I have to admit, this one wasn't my favorite.
I feel like Trek technology has been retconned and overwritten and justified and technobabbled over itself so many times that on a pure tactics level I don't find space battles in the Star Trek universe all that interesting. With Genesis torpedoes and Trilithium weapons and even the fact that, properly used, a transporter is basically a superweapon (though no one ever quite seems to use it that way), I just feel like the whole thing is sort of ridiculous. So in Trek, I'm just not really that interested in the mechanics of the space battles, the way I am in for instance an X-Wing book in Star Wars, where the rules are a little more well-defined.
My favorite battle scenes in Trek have been the ones that focus on the personal struggles, like the amazing apocalyptic Destiny fights. If Mack had wanted to, he could've come up with tactics for the Federation to win those fights, but that wasn't the point. The point was that the Federation was really staring annihilation in the face. My other favorite example of Trek action scenes done well was also by Mack, in what I feel is possibly the emotionally strongest story in the whole Trek corpus, Wildfire. Those action scenes mattered, because we saw each and every moment where a character faced their death or the deaths of others. We saw the struggles.
So I'm used to that being a strength of Mack's, but this book went kind of the opposite direction. We had long, long scenes of all of the leaders talking about tactics and where to attack next and how to maneuver and all that stuff, but the actual battles were almost glossed over a lot of the time. In particular, the two-pronged attack that led to the most main character deaths had the entire action sequence told from the enemies' perspective, leaving the emotional beats of our heroes dealing with their losses for after the fact.

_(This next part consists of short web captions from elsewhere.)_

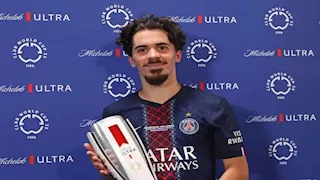 كم مرة رعت شركات البيرة جوائز كرة القدم الفردية؟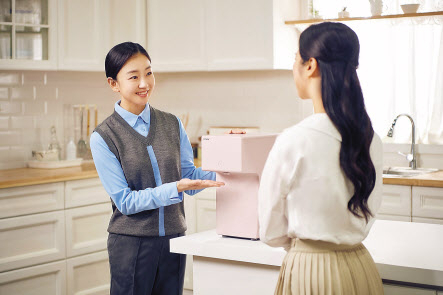 코웨이 코디가 고객의 자택을 직접 방문, 서비스를 하고 있다. [코웨이 제공]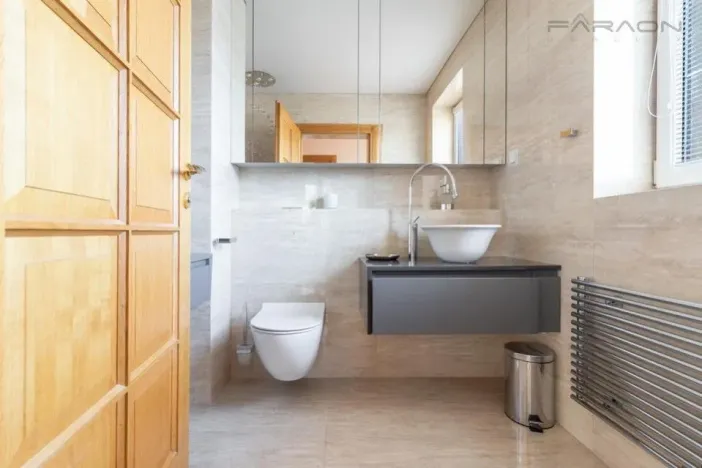Pronájem rodinného domu, Praha - Březiněves, Skřivánčí, 725 m2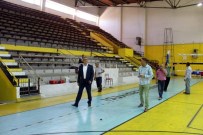 GÖKHAN KARAÇOBAN - Başkan Karaçoban, Spor Salonundaki Çalışmaları Yerinde İnceledi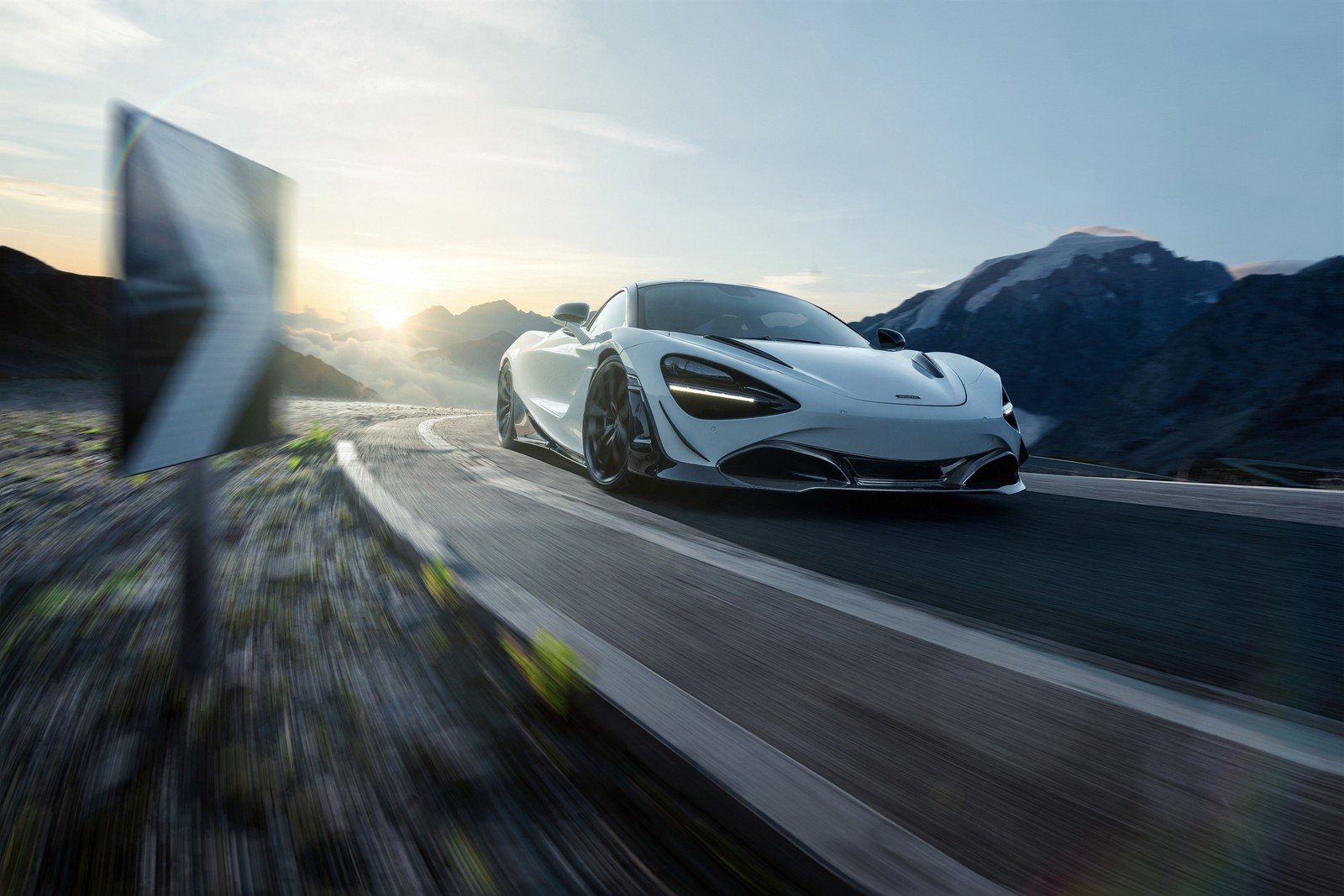 Un coche deportivo blanco conduciendo por una carretera con montañas al fondo (mclaren 650s, golpe, mclaren, coche, supercoche)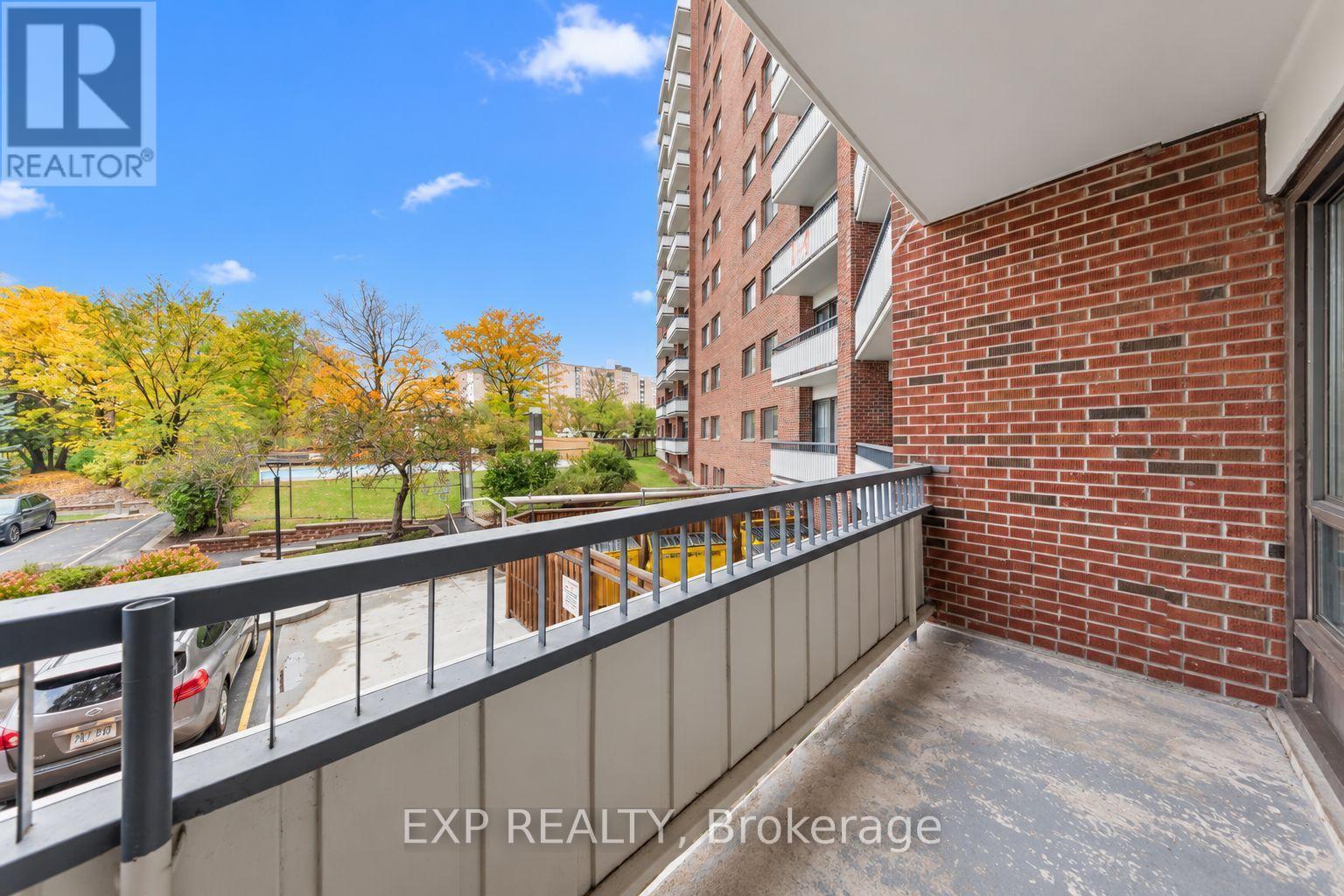 114 - 20 Chesterton Drive Property Photo 17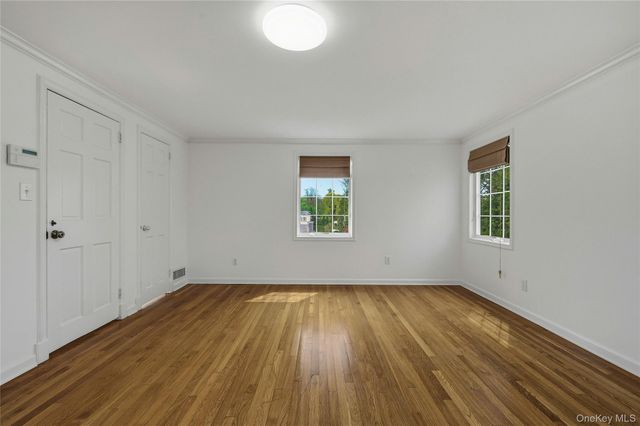 35 Sherry Hill Lane, Manhasset, NY 11030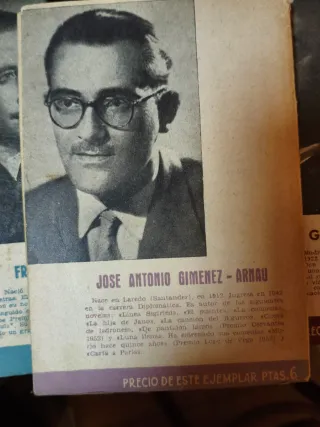 Colección de antiguos libros semanales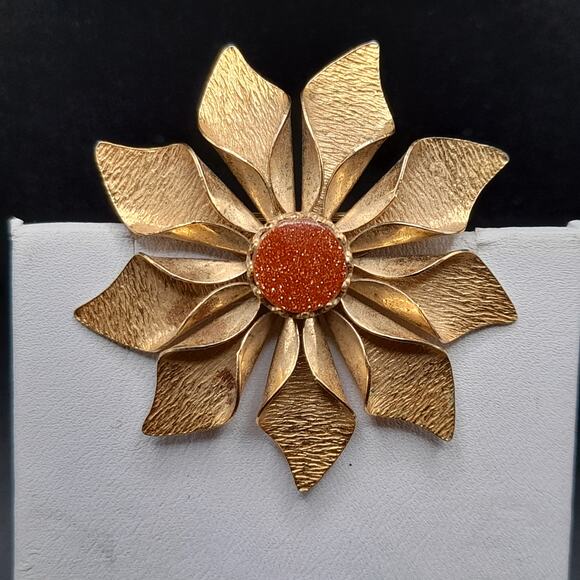 Vintage Goldstone Flower Brooch, Floral Pin, 1950s Jewelry - Picture 5 of 8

Almost every time I thought an interesting character moment was coming, it was quickly blunted or shifted aside; almost rushed through. Picard feeling like a puppet and then growing into a leader? One short scene; then he's comfortable in command, and his former commander is now his first officer. Kes exploding in rage? I was incredibly surprised at that twist...then it was over less than one chapter later. And none of the NF people really had any development, except for Calhoun realizing he'd sacrifice himself for innocents, which again happened almost in the background. The only character that really had a fleshed out story was O'Brien, I thought.
Also, thematically, I feel like the real story here, the choice of these people to reject violence and become democratic, was only really in the last 15% of the story. That has been the theme of the interactions between the MU and the real universe, and it was almost lost.
So overall, this felt, in a weird way, a lot like the last Romulan War book. Like there was a great story here, but not enough time to tell it in; like Mack focused a little too much time on the mechanics of getting this huge cast of characters to move to all the right places to accomplish everything, and not enough on actually telling their stories.
It's worth noting that it's a pretty mean feat just to actually tie all this crap together in the first place; there were a TON of loose threads in the MU, and Mack grabbed all of them, tied them off in (at least theoretically) satisfying ways. But it still felt more like an outline than a novel, and the emotional impact I was looking for wasn't there.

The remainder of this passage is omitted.